Admittedly for some businesses the end of the transition period will have little immediate impact. However, those businesses may depend on suppliers or customers who will be affected, whilst other businesses may be facing a more dramatic change to their process model. So the question has to be; with transition negotiations ongoing how do you prepare for an unknown future, particularly when the present is all consuming?

Do what you do well

The answer quite simply is to identify what you do well and to focus on continuing to deliver that identified high-level of service to your customer base. Success in this does though require total engagement on the part of your people alongside a commitment to forward-thinking leadership. Individuals at all levels have to be prepared and enabled to step up and question counter-productive requirements. And customer outcomes have to be set at the heart of every decision and process.

If that sounds too hard let me put it another way; every time you’re asked to do something, take a couple of seconds to think about what impact it might have on customers. For example if someone has an urgent customer query to sort and they have suddenly been asked to prepare a one-off report, they should have the freedom to explain that the report will have to be postponed until the query has been solved.
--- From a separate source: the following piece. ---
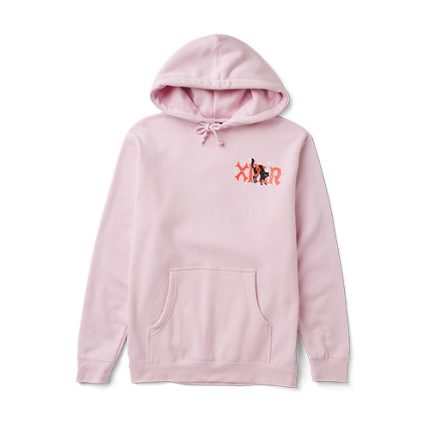Bad Luck Pink Hoodie - stylish pink hoodie with edgy streetwear vibe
More importantly, as leaders you should accept and expect your people to take a more personal level of control in order to maintain customer focused outcomes.

Now there will be times when that urgent report really does become urgent, or when a meeting simply can’t be postponed if transition preparations are to remain on track. That’s when good management skills such as personnel resourcing or effective meeting techniques come to the fore; helping people to deliver the future whilst not losing sight of day-to-day demands. The end of the Brexit transition period may be the elephant in the room but with leadership and customer focused engagement it’s an elephant that can be approached with equanimity.